* Your objective *
Please copy exactly the lines from the one containing "Balzer Camtec Speci" to the end of the entries, both included, and nothing else. Omit every picture.

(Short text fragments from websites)
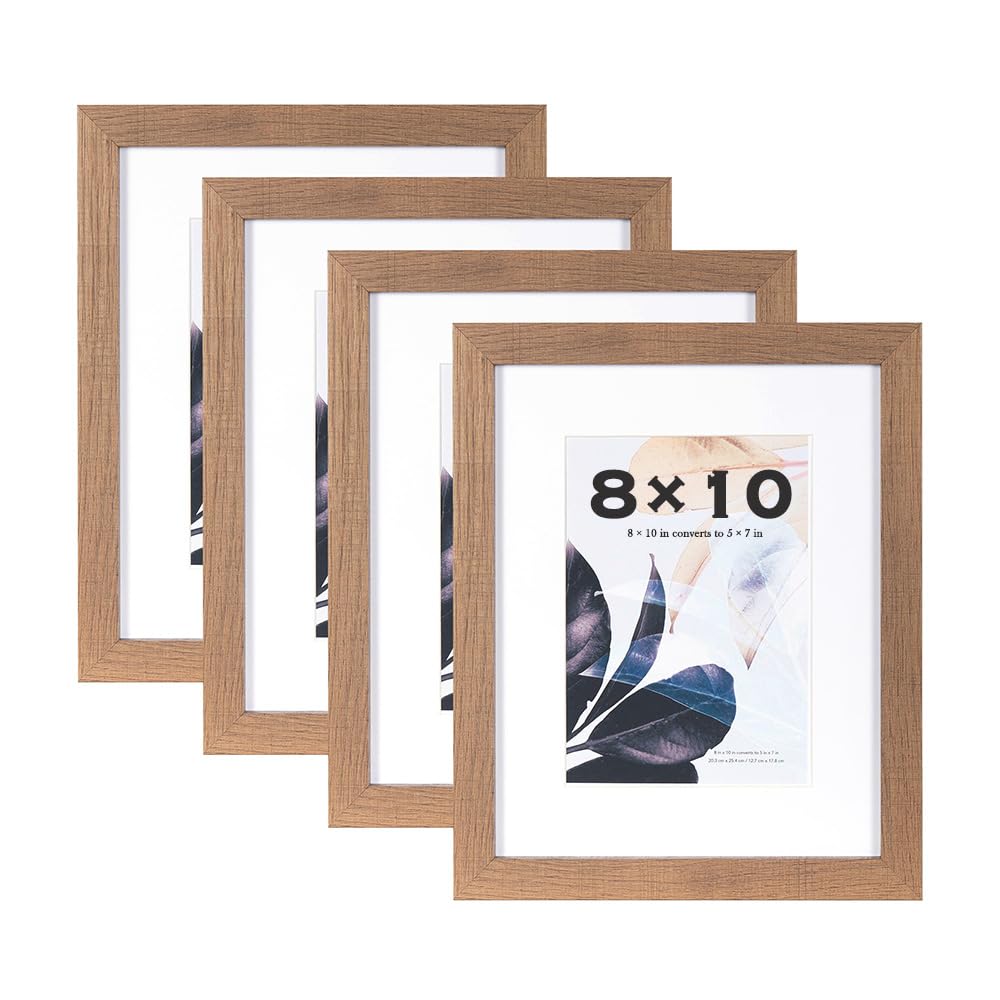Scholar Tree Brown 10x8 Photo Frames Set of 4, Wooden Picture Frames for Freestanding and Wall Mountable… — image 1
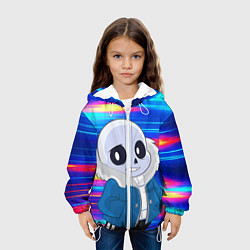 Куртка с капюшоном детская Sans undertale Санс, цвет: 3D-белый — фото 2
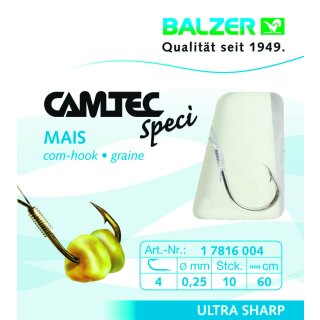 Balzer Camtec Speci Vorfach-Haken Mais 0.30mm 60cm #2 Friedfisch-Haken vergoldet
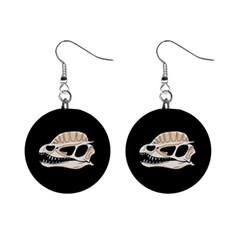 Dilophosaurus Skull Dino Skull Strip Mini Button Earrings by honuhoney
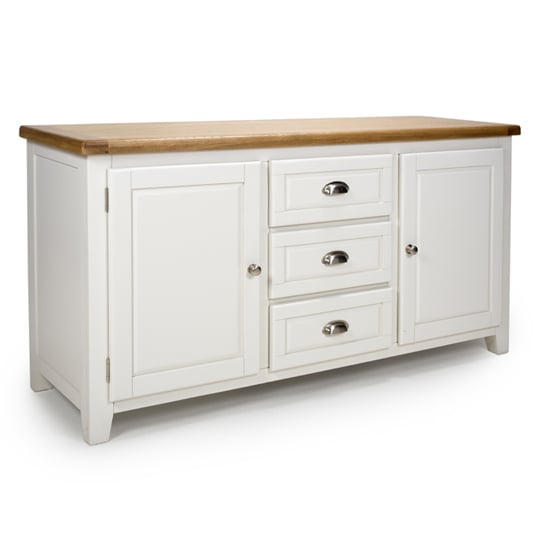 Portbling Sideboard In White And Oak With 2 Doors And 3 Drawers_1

* Solution *
 Balzer Camtec Speci Vorfach-Haken Mais 0.30mm 60cm #2 Friedfisch-Haken vergoldet
 Dilophosaurus Skull Dino Skull Strip Mini Button Earrings by honuhoney
 Portbling Sideboard In White And Oak With 2 Doors And 3 Drawers_1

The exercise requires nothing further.